In The Imitation Game, a brilliant mathematician sits before a detective and spills out his life story. The mathematician repeatedly urges the detective (and viewers) to “pay attention,” and not to “judge until it’s over.” The mathematician turns out to be Alan Turing, the man given most of the credit for breaking the German Enigma code during World War II, who was also openly homosexual. Certainly, his is a fascinating story. Certainly, it would be a shame for a movie to portray that true story with trite emotion and fabricated plot devices.

Here is where I will say a few nice things: The Imitation Game is an OK movie. It is probably a better-than-average film in the genre devoted to geniuses and their accomplishments (though it is nowhere near as brilliant as, say, A Beautiful Mind). If you went to the theater today to see it, you would probably like it. I was certainly entertained by it.

I’m telling you all this so that you won’t be completely depressed by all the negative things I say later.

But first, a short summary of the film’s first act: Alan Turing (played by Benedict Cumberbatch) is a socially awkward, rude, somewhat arrogant mathematic genius who doesn’t understand what jokes are. He is recruited by a grumpy general to join a team of smart people dedicated to breaking the German code that seems unbreakable and has already cost Britain dearly in the war. Turing doesn’t get along with these other smart people at all, decides to build his own machine, goes around the grumpy general to write to Winston Churchill and get put in charge of the team. Along the way he puts a crossword puzzle into a newspaper as a recruiting tool to hire clever people, and winds up with Joan Clarke (Keira Knightley), who, as a woman in a field full of men, is also an outsider, like Turing.the imitation game

Now all this is well and good, even if it some of it is thoroughly inaccurate when compared to the historical biography on which it was based. But alongside an entertaining, historically inaccurate plot, the film decides to insert some cute moral lessons for us all to go home to contemplate. It is plainly didactic.
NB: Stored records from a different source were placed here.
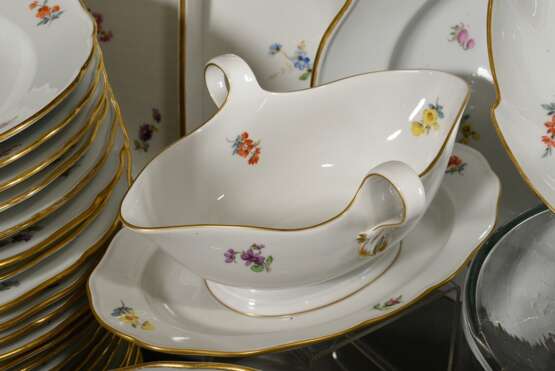 115 Teile Meissen "Streublümchen" Speiseservice mit Goldrand, 1898, bestehend aus: 48 Speiseteller (Ø 24,5-25cm), 19 tiefe Teller (Ø 23,5cm), 20 Brotteller (14,5-16cm, 2x best., 1x 2 Schleifstr.), 4 eckige Scha… - фото 9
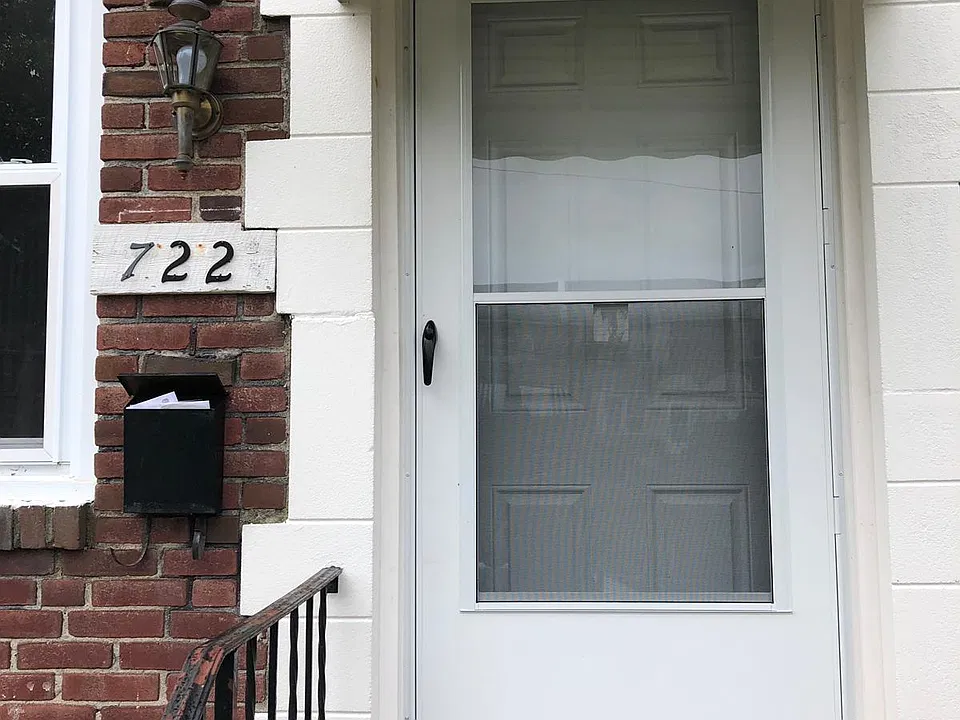 722 Rively Ave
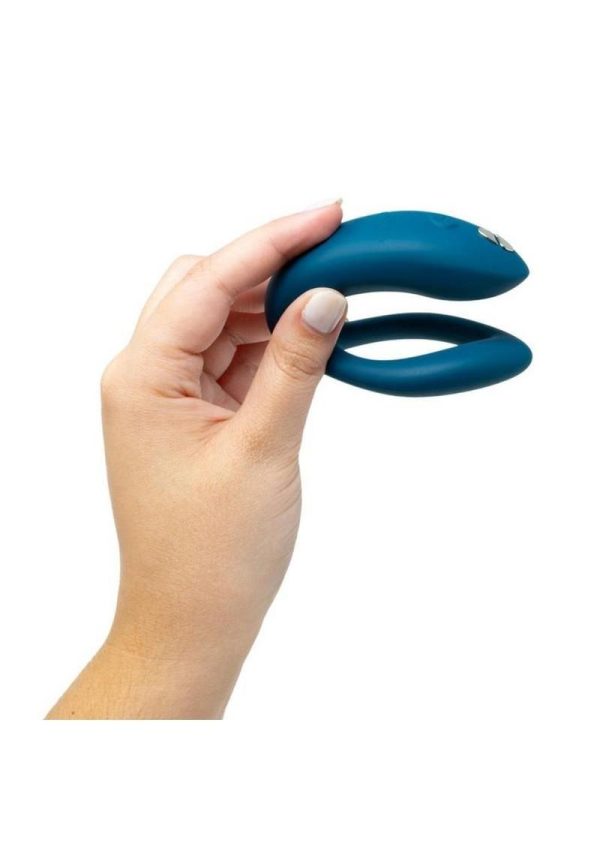 We-Vibe Sync O Rechargeable Silicone Couples Vibrator with Remote Control - Velvet Green - Image 4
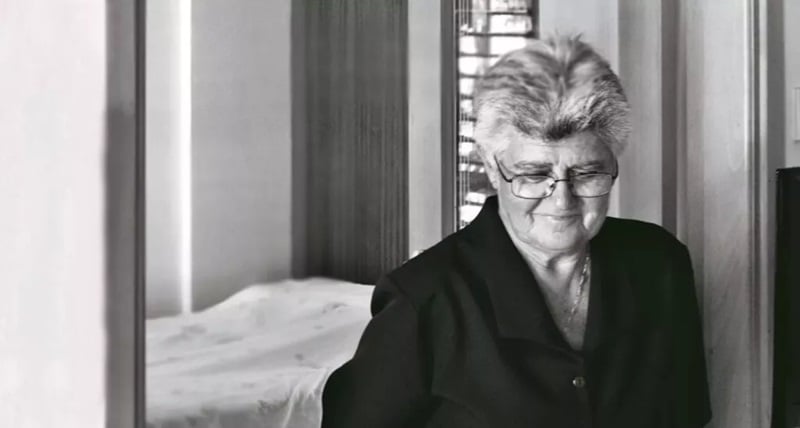 &Alpha;ί&tau;&eta;&mu;&alpha; &Epsilon;&lambda;έ&nu;&eta;&sigmaf; &Phi;&omega;&kappa;ά &gamma;&iota;&alpha; &alpha;&pi;ό&sigma;&upsilon;&rho;&sigma;&eta; &beta;&iota;&beta;&lambda;ί&omicron;&upsilon; &alpha;&pi;ό &Beta;&rho;&alpha;&beta;&epsilon;ί&alpha; &Lambda;&omicron;&gamma;&omicron;&tau;&epsilon;&chi;&nu;ί&alpha;&sigmaf; &tau;&eta;&sigmaf; &Epsilon;&Epsilon;-&Omicron; &lambda;ό&gamma;&omicron;&sigmaf;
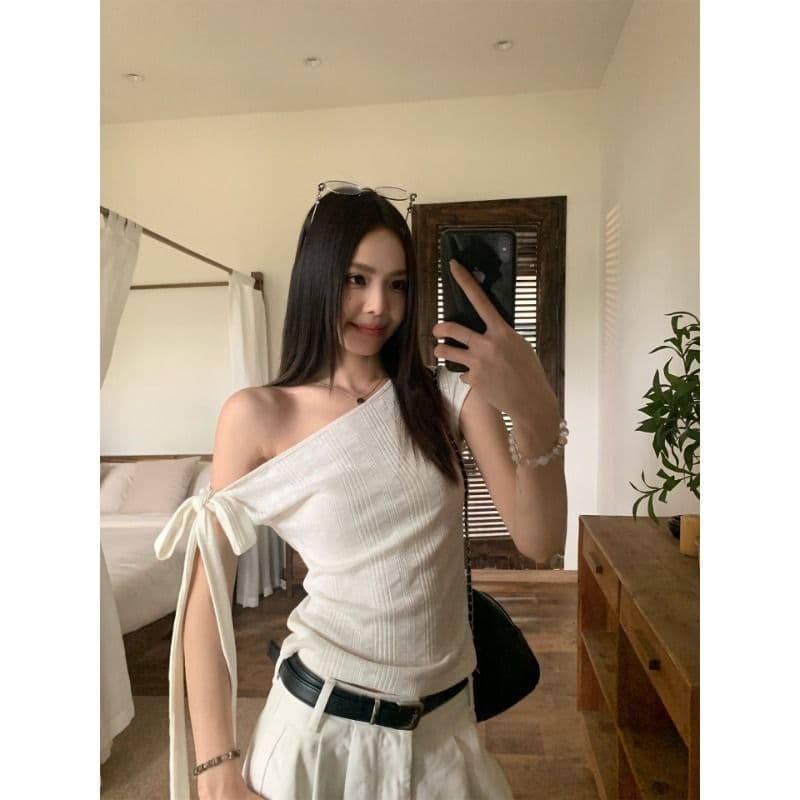 원본 대나무 마디 면 불규칙 비스듬한 어깨 반팔 티셔츠 여성 여름 몸매 가꾸기 슬림해 보이는 디자인 센스 오프숄더 맨위 이미지 3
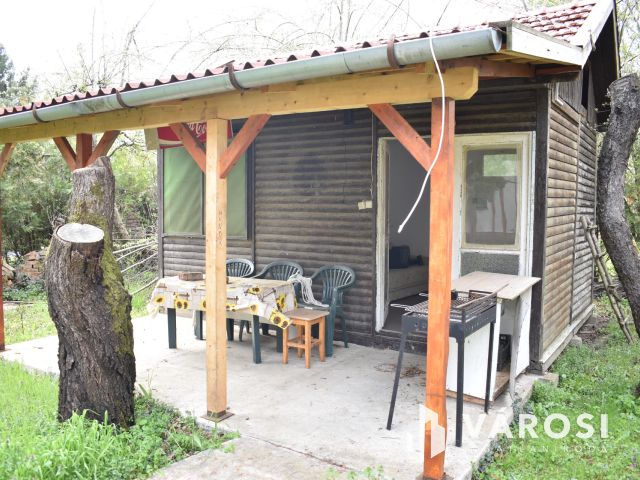 Városerdei felújított, téliesített nyaraló!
For instance, in a totally fabricated scene, once Turing and his team have broken the Enigma code, they realize a passenger convoy is about to get blown up by German U-boats. The assistants immediately try to telephone military command, to warn of the impending danger, but Turing throws the telephone aside. No, he says, we mustn’t let the Germans figure out we broke the code, or they’ll change it. The team agrees: Better to use only some of the information they glean from deciphering Enigma, so that Britain can win the war and more lives are saved in the long run. But wait! One of the smart people on the team discovers his brother is on the passenger convoy! What will happen now? Has this changed the moral calculus? It’s as if the most cliché moral dilemma in the universe has come to life. Staring the teary assistant in the eyes, Turing holds his ground. Thank you, Hollywood Schoolmarm, for a lesson in complicated moral reasoning. We were all previously unaware of the difficult decisions wartime foists upon humanity.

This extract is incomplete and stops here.